Description of the task »
The answer must restate every record word for word.

Records provided »
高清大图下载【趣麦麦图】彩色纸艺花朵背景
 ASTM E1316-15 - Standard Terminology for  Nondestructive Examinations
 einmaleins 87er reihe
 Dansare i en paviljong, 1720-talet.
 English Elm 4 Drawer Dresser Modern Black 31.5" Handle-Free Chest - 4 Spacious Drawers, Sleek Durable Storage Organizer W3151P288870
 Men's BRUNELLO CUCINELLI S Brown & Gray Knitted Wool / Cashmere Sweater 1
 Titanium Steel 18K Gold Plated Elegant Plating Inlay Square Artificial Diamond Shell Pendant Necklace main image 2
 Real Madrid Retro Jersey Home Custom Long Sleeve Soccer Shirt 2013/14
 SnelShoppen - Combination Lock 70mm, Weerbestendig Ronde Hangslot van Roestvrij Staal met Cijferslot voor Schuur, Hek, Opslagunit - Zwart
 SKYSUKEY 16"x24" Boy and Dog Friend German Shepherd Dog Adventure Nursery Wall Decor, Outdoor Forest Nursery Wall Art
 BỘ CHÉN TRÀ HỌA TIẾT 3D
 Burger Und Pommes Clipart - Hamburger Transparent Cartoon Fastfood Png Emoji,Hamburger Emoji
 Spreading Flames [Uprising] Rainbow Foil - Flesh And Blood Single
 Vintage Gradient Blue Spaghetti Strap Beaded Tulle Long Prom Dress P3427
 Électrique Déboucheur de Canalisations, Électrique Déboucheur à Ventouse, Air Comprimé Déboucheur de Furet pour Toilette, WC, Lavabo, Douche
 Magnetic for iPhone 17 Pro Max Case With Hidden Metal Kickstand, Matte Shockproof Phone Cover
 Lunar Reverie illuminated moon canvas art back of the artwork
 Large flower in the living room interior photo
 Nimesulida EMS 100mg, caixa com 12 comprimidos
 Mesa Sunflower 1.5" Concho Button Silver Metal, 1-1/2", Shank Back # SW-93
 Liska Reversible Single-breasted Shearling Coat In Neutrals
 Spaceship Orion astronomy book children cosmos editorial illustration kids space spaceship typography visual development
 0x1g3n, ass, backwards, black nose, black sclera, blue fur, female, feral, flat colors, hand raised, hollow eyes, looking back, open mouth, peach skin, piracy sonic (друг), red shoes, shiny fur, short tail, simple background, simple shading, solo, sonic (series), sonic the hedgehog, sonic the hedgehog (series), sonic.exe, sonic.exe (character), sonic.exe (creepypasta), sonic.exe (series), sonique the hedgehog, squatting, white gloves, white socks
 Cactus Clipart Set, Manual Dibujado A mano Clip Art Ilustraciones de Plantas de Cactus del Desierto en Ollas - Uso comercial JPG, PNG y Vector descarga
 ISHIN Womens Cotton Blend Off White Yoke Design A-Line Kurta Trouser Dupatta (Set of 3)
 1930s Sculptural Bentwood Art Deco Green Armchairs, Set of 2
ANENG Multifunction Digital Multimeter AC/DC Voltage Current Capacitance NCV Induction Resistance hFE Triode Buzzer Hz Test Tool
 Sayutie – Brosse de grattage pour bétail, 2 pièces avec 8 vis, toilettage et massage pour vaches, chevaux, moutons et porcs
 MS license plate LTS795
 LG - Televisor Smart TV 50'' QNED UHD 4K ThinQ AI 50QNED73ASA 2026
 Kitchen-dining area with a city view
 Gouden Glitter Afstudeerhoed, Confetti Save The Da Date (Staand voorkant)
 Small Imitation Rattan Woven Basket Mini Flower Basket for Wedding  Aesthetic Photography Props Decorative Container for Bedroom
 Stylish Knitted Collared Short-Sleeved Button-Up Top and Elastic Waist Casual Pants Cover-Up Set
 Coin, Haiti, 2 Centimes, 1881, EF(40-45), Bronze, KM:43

Written solution »
高清大图下载【趣麦麦图】彩色纸艺花朵背景
 ASTM E1316-15 - Standard Terminology for  Nondestructive Examinations
 einmaleins 87er reihe
 Dansare i en paviljong, 1720-talet.
 English Elm 4 Drawer Dresser Modern Black 31.5" Handle-Free Chest - 4 Spacious Drawers, Sleek Durable Storage Organizer W3151P288870
 Men's BRUNELLO CUCINELLI S Brown & Gray Knitted Wool / Cashmere Sweater 1
 Titanium Steel 18K Gold Plated Elegant Plating Inlay Square Artificial Diamond Shell Pendant Necklace main image 2
 Real Madrid Retro Jersey Home Custom Long Sleeve Soccer Shirt 2013/14
 SnelShoppen - Combination Lock 70mm, Weerbestendig Ronde Hangslot van Roestvrij Staal met Cijferslot voor Schuur, Hek, Opslagunit - Zwart
 SKYSUKEY 16"x24" Boy and Dog Friend German Shepherd Dog Adventure Nursery Wall Decor, Outdoor Forest Nursery Wall Art
 BỘ CHÉN TRÀ HỌA TIẾT 3D
 Burger Und Pommes Clipart - Hamburger Transparent Cartoon Fastfood Png Emoji,Hamburger Emoji
 Spreading Flames [Uprising] Rainbow Foil - Flesh And Blood Single
 Vintage Gradient Blue Spaghetti Strap Beaded Tulle Long Prom Dress P3427
 Électrique Déboucheur de Canalisations, Électrique Déboucheur à Ventouse, Air Comprimé Déboucheur de Furet pour Toilette, WC, Lavabo, Douche
 Magnetic for iPhone 17 Pro Max Case With Hidden Metal Kickstand, Matte Shockproof Phone Cover
 Lunar Reverie illuminated moon canvas art back of the artwork
 Large flower in the living room interior photo
 Nimesulida EMS 100mg, caixa com 12 comprimidos
 Mesa Sunflower 1.5" Concho Button Silver Metal, 1-1/2", Shank Back # SW-93
 Liska Reversible Single-breasted Shearling Coat In Neutrals
 Spaceship Orion astronomy book children cosmos editorial illustration kids space spaceship typography visual development
 0x1g3n, ass, backwards, black nose, black sclera, blue fur, female, feral, flat colors, hand raised, hollow eyes, looking back, open mouth, peach skin, piracy sonic (друг), red shoes, shiny fur, short tail, simple background, simple shading, solo, sonic (series), sonic the hedgehog, sonic the hedgehog (series), sonic.exe, sonic.exe (character), sonic.exe (creepypasta), sonic.exe (series), sonique the hedgehog, squatting, white gloves, white socks
 Cactus Clipart Set, Manual Dibujado A mano Clip Art Ilustraciones de Plantas de Cactus del Desierto en Ollas - Uso comercial JPG, PNG y Vector descarga
 ISHIN Womens Cotton Blend Off White Yoke Design A-Line Kurta Trouser Dupatta (Set of 3)
 1930s Sculptural Bentwood Art Deco Green Armchairs, Set of 2
ANENG Multifunction Digital Multimeter AC/DC Voltage Current Capacitance NCV Induction Resistance hFE Triode Buzzer Hz Test Tool
 Sayutie – Brosse de grattage pour bétail, 2 pièces avec 8 vis, toilettage et massage pour vaches, chevaux, moutons et porcs
 MS license plate LTS795
 LG - Televisor Smart TV 50'' QNED UHD 4K ThinQ AI 50QNED73ASA 2026
 Kitchen-dining area with a city view
 Gouden Glitter Afstudeerhoed, Confetti Save The Da Date (Staand voorkant)
 Small Imitation Rattan Woven Basket Mini Flower Basket for Wedding  Aesthetic Photography Props Decorative Container for Bedroom
 Stylish Knitted Collared Short-Sleeved Button-Up Top and Elastic Waist Casual Pants Cover-Up Set
 Coin, Haiti, 2 Centimes, 1881, EF(40-45), Bronze, KM:43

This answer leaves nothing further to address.